There is a special class of credit unions, CDCUs (Community Development Credit Unions) which are a type of CDFIs (Community development Financial Institutions) to which we belong. CDFIs operate under two principles: 1) that low income communities can be developed through self help and 2) that this development effort can be self sustaining.
Alternatives was started by a group of small businesses that were successful on their own terms. They weren't successful as in ready to make a killing at a public offering. They were mom and pop businesses, cottage industry, self employment start-ups. They were successful because the people in them were doing what they want to do and making a living.
Though they were financially sound, they got no respect from the banks. They made deposits but couldn't get loans. The banks were looking for middle market borrowers, they looked for middle market documentation and performance. Our first members decided to start their own financial institution.

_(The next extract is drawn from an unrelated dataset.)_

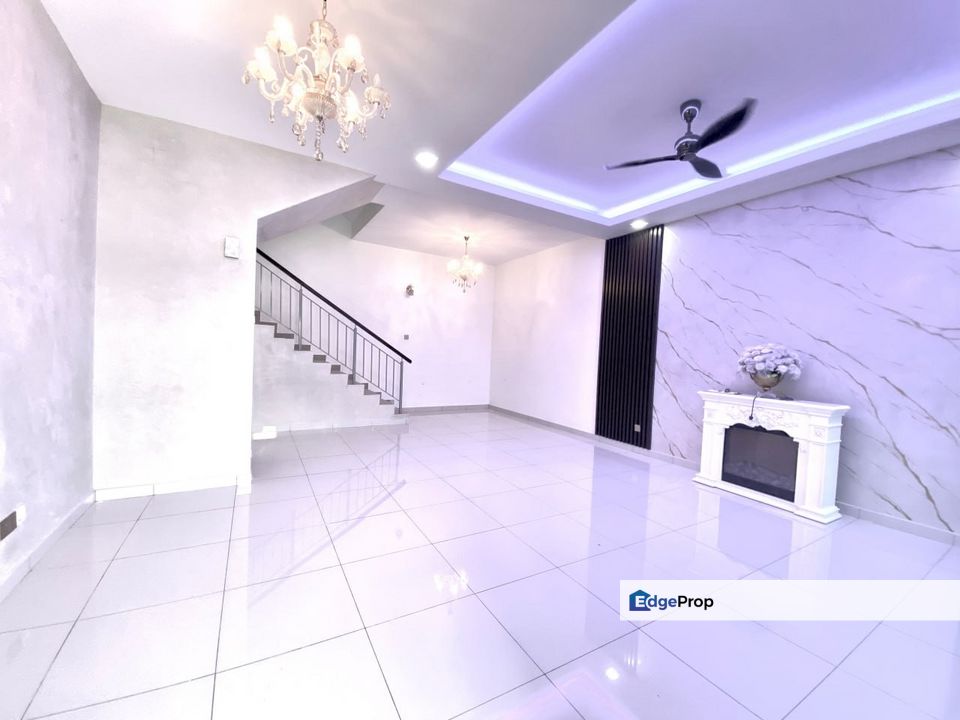 FOR SALE ::::::::::::: RENOVATED 2.5 storey terrace Jalan SI 1/3 Taman Sentosa Impian Sg Merab Putrajaya, Selangor, Bangi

We saw other areas where low to modest income members weren't given their due. A family renting one house for ten years couldn't qualify for a mortgage because their rent payment didn't count as a credit record. Recent immigrants couldn't get loans until they were full citizens. Banks underwrote and sold their mortgages on the secondary market. All their loans had to meet standards designed for suburban, white, middle class, family lending. Our members didn't fit that pattern. We felt that we could develop new lending standards that fit our members but that did not expose us to additional default risk.
Over the years this vision has been confirmed. Loans to low income borrowers do not have a higher default rate. Loans to small businesses are repaid. Reinvestment does result in sustainable, self help community development.
The analysis that makes these principles work is that low income communities are NOT low income simply because there is not enough money in them. One of the poorest counties in the country is in North Dakota, an Indian reservation. For every dollar that comes to members of that community as income, only 10 cents is spent in the community. What makes this community poor is that capital is continually drained from the community.
The vision of CDFIs is that an institution could sit right in the middle of a poor community and provide a way to stop capital outflow. What CDFIs do is recycle money locally.
Our institutions starts with simple principles that go a long way. For example, we decided that once our institution reached a break-even point (measured as an asset size) that allowed us to pay reasonable salaries and provide a reasonable range of services, we would not need to have growth as a strategic goal. This is a profound change from everyday business practice.
When you don't need to grow, every member is important. If you're willing to stay small, developing small markets is enough. We don't have to satisfy mass markets. We've developed a stay small marketing strategy called "referral marketing". We reduced mass media advertising and instead spend the same funds educating our members how to appreciate our Credit Union and talk to their friends about us.